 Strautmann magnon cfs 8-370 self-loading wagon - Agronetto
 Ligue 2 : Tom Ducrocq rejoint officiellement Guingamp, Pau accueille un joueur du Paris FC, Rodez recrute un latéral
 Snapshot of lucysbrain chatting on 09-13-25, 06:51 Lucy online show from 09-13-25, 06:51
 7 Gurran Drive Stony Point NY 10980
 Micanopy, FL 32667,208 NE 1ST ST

...

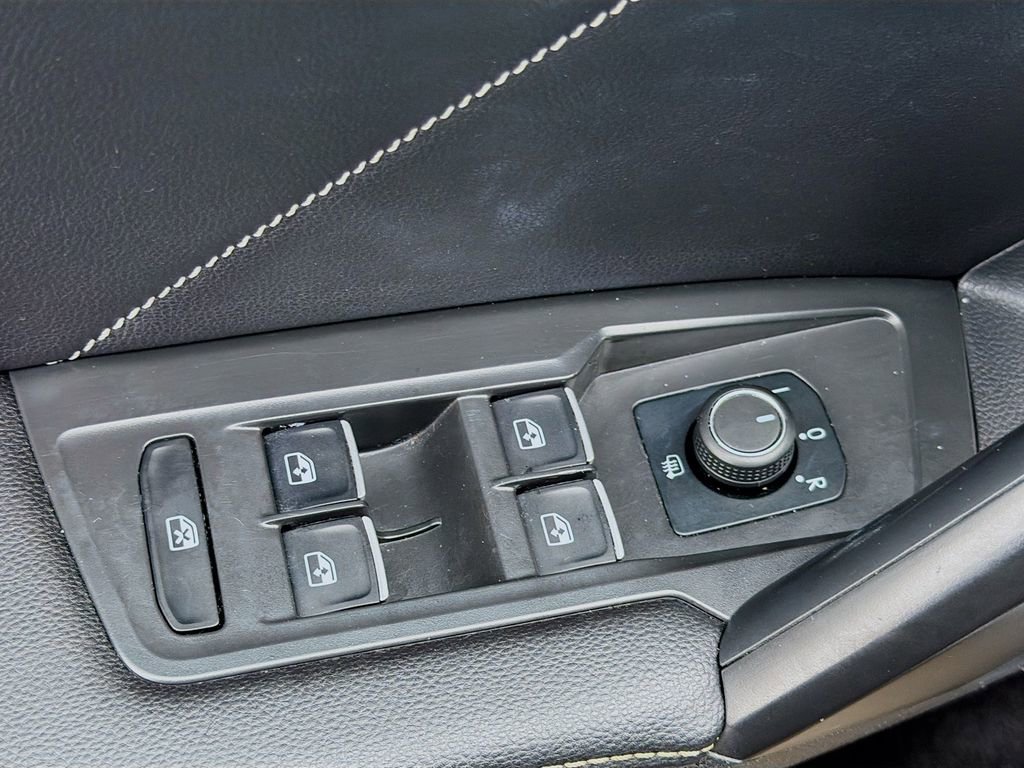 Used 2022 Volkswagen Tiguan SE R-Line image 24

...

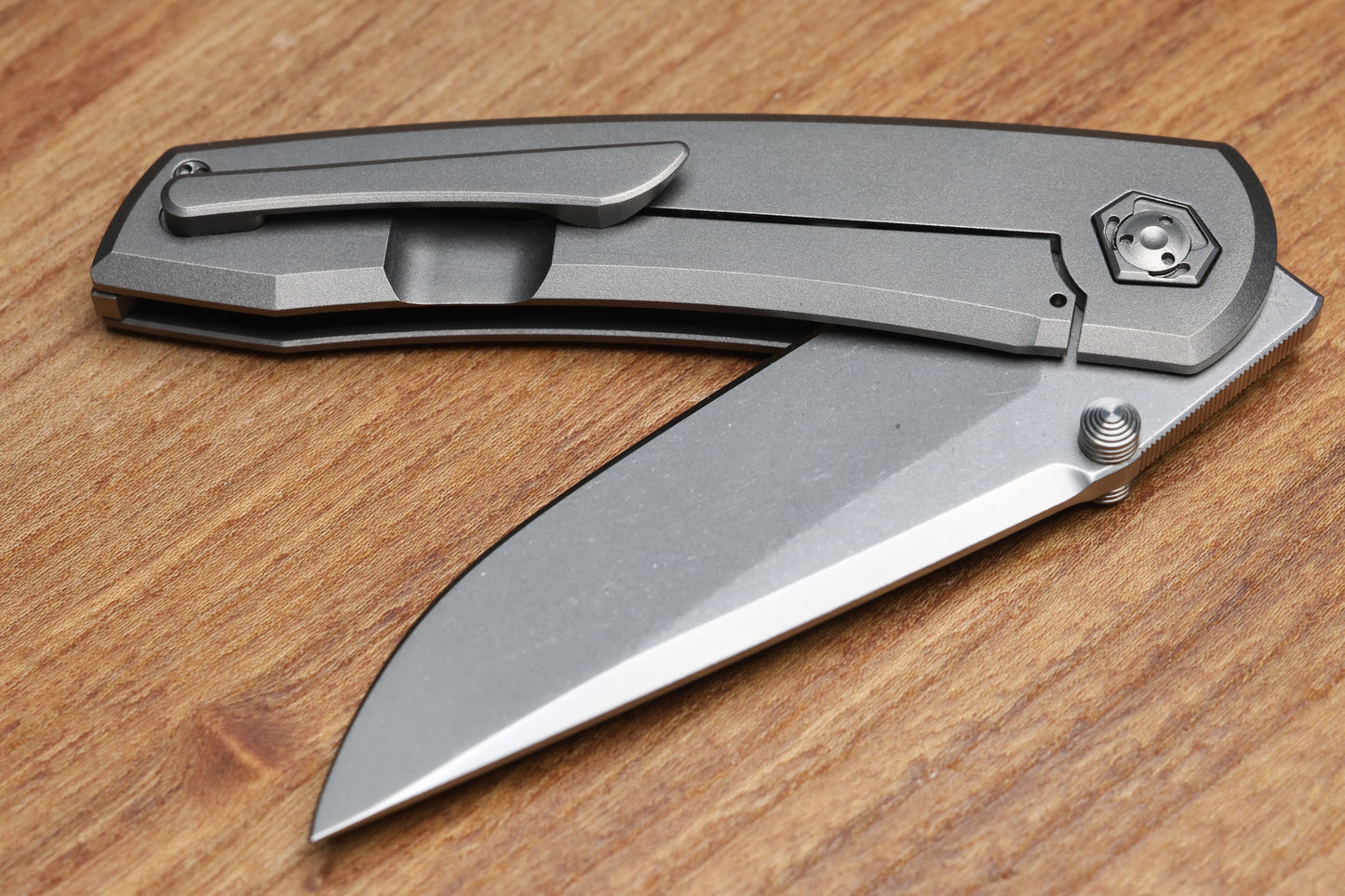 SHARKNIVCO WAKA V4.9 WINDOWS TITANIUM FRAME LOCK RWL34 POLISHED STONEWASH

__Directions for this task__
In the listing above, find the line with "Ligue 2 : Tom" and the line with "Micanopy, FL 32667,208 NE 1ST ST", then print exactly those two lines and every line between them, and nothing more.

__Finished task__
 Ligue 2 : Tom Ducrocq rejoint officiellement Guingamp, Pau accueille un joueur du Paris FC, Rodez recrute un latéral
 Snapshot of lucysbrain chatting on 09-13-25, 06:51 Lucy online show from 09-13-25, 06:51
 7 Gurran Drive Stony Point NY 10980
 Micanopy, FL 32667,208 NE 1ST ST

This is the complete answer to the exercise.